PremSahooESL commented 1 year ago

@PremSahooESL, to clarify - are you and @devak8 working together? I want to make sure we're only troubleshooting one problem at a time.

Also, I'm assuming @richardcho-msft was tagged accidentally and you meant to tag me (@richardpark-msft ), correct?

Sorry for tagging wrong user.. it was supposed to be you (@richardpark-msft )

Correct... me and @devak8 are working together..

PremSahooESL commented 1 year ago

Can you give me some more details about your application? Do all of these processor instances use the same storage container?

Just to answer your question above.

Yes, all our processor instances use the same Storage Container. We will crosscheck this part and share the test result here.

PremSahooESL commented 1 year ago

github.com/Azure/azure-event-hubs-go/v3 We tested with above package. It works as expected with 5 partitions.

GoLang Consumer: 1 2023/10/06 15:46:14 DEBUG: eph "8ca2238d-3751-441d-9fb4-9f8673f2d999", partition "2", epoch 8: lease renewed 2023/10/06 15:46:16 DEBUG: eph "8ca2238d-3751-441d-9fb4-9f8673f2d999", partition "1", epoch 7: lease renewed 2023/10/06 15:46:17 DEBUG: eph "8ca2238d-3751-441d-9fb4-9f8673f2d999", partition "4", epoch 7: lease renewed

GoLang Consumer: 2 2023/10/06 15:45:47 DEBUG: eph "e3f7cb86-2e03-4304-967d-20ff50119509", partition "0", epoch 8: lease renewed 2023/10/06 15:45:50 DEBUG: eph "e3f7cb86-2e03-4304-967d-20ff50119509", partition "3", epoch 9: lease renewed

PremSahooESL commented 1 year ago

In our previous test. we were using GoLang based consumer and Python based consumer. So the partition lease was not accurate. As they were using different Storage container for checkpointing.

PremSahooESL commented 1 year ago

Thanks for your support @richardpark-msft

richardpark-msft commented 1 year ago

Thanks for your support @richardpark-msft Richard Park (DEVDIV) FTE

Just want to check - you're saying this issue can be closed?

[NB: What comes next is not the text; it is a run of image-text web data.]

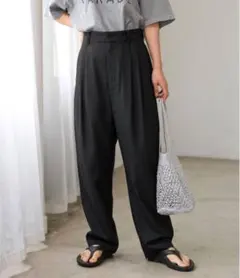 ジャーナルスタンダード TRツイル2タックパンツ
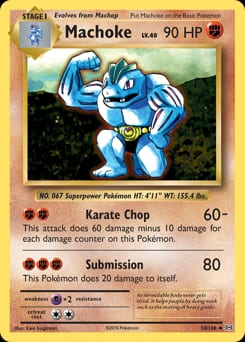 2016 Evolutions Machoke #58 card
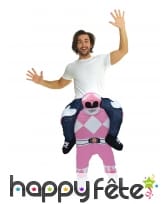 Morphsuit à dos de Power Rangers rose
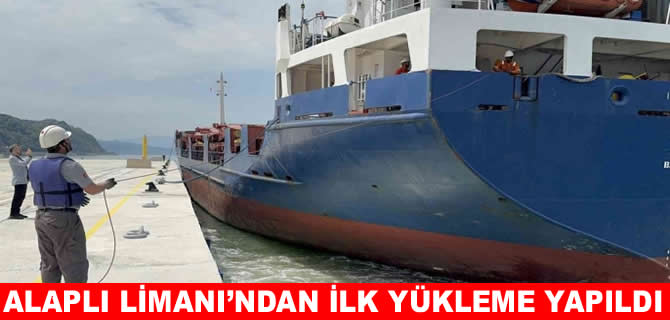 Alaplı Marmara Çimento Limanı'nda ilk yükleme heyecanı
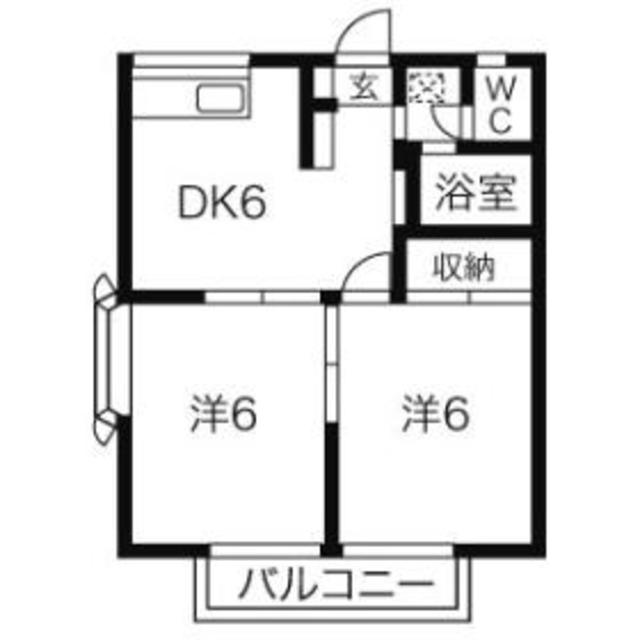 エステートピアコムAの間取り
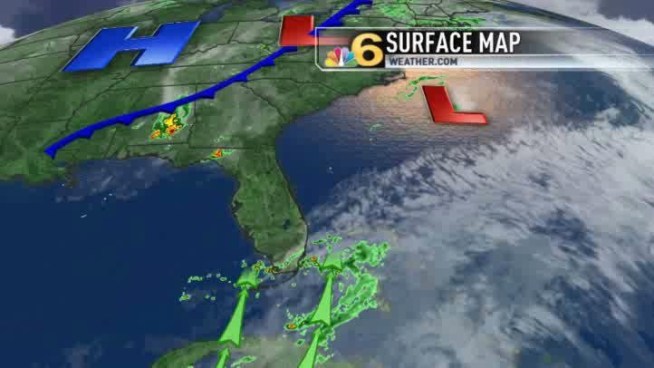 Showers and thunderstorms will become numerous this afternoon...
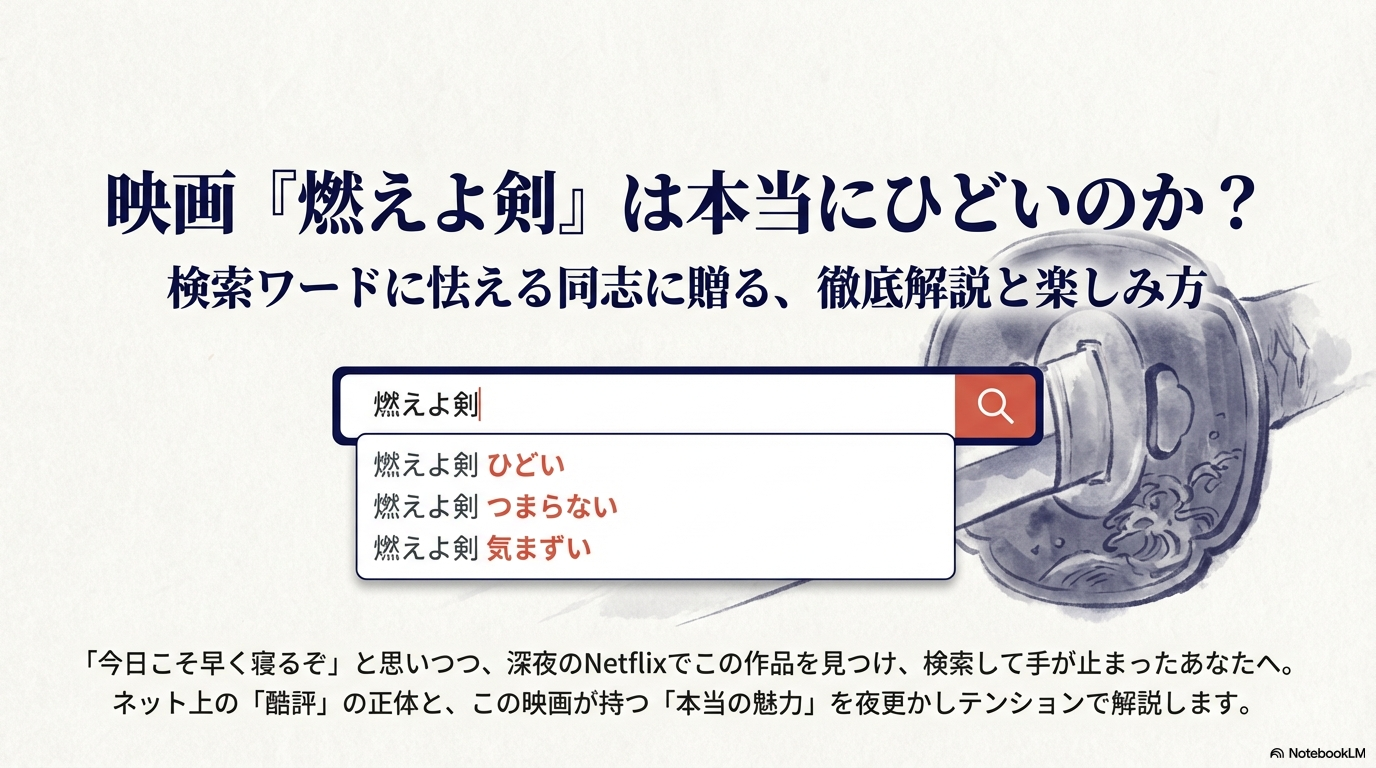 映画『燃えよ剣』はひどい？つまらない？気まずいと言われる理由と公開されない真相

Also, second check - was it intentional that you run both languages side-by-side? Just curious about the setup - was the idea that you incrementally upgrade/change out the language? Or just an accidental configuration?

PremSahooESL commented 1 year ago

This issue can be closed.

Just to answer your second check, please see below.

It was the test setup initially to run 2 consumers with 2 different languages. The expectation was both consumers should equally distribute the data from partitions. Is it that , even though consumers are of different languages, still they must use the same storage container for checkpoint? then only the distribution of eventhub partitions will work properly?

Intentionally, we were trying to run 2 different consumers with 2 different languages but it was accidentally with 2 different Storage Checkpoint containers.